[[ Recorded data, beginning ]]

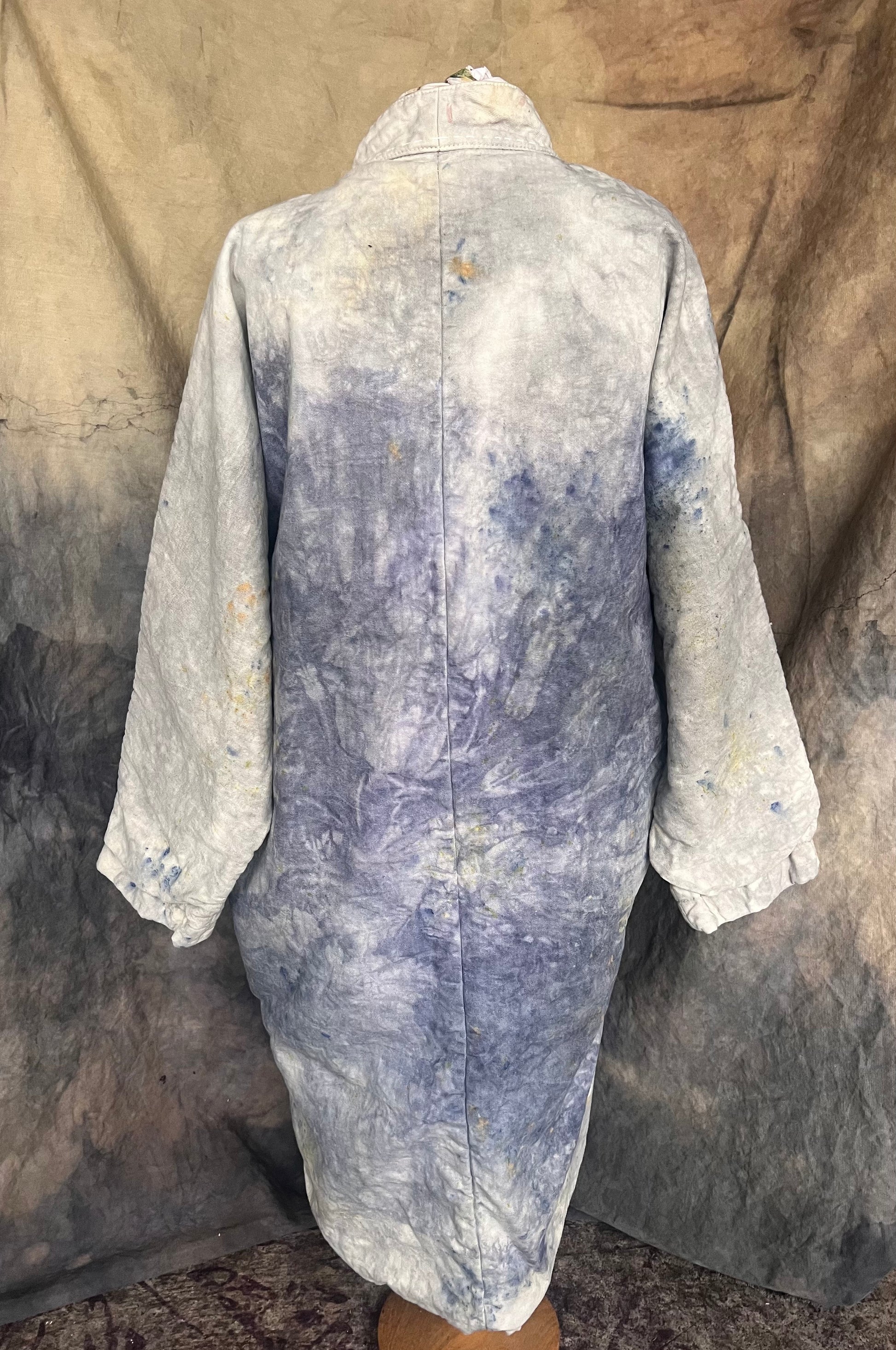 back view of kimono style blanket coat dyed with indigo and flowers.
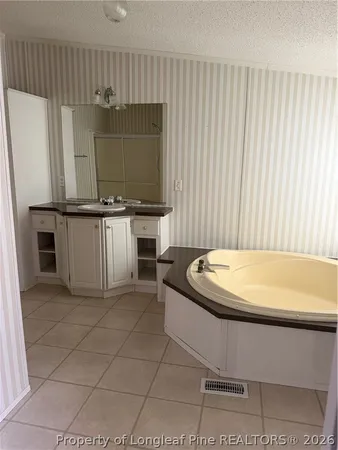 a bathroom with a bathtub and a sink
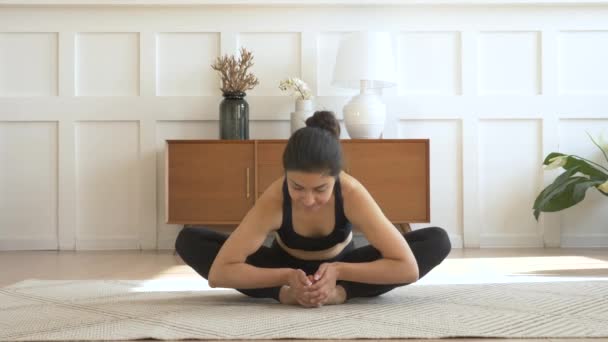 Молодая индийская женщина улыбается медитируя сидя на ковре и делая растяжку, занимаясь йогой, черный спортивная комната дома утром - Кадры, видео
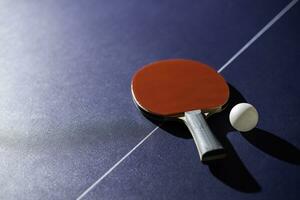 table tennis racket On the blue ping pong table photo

[[ Recorded data, end ]]

- Your assignment -
Exactly the lines from the one containing "Молодая индийская женщина" through the end of the data above: repeat those, both ends included, and nothing else. Skip the pictures.

- Solution below -
 Молодая индийская женщина улыбается медитируя сидя на ковре и делая растяжку, занимаясь йогой, черный спортивная комната дома утром - Кадры, видео
 table tennis racket On the blue ping pong table photo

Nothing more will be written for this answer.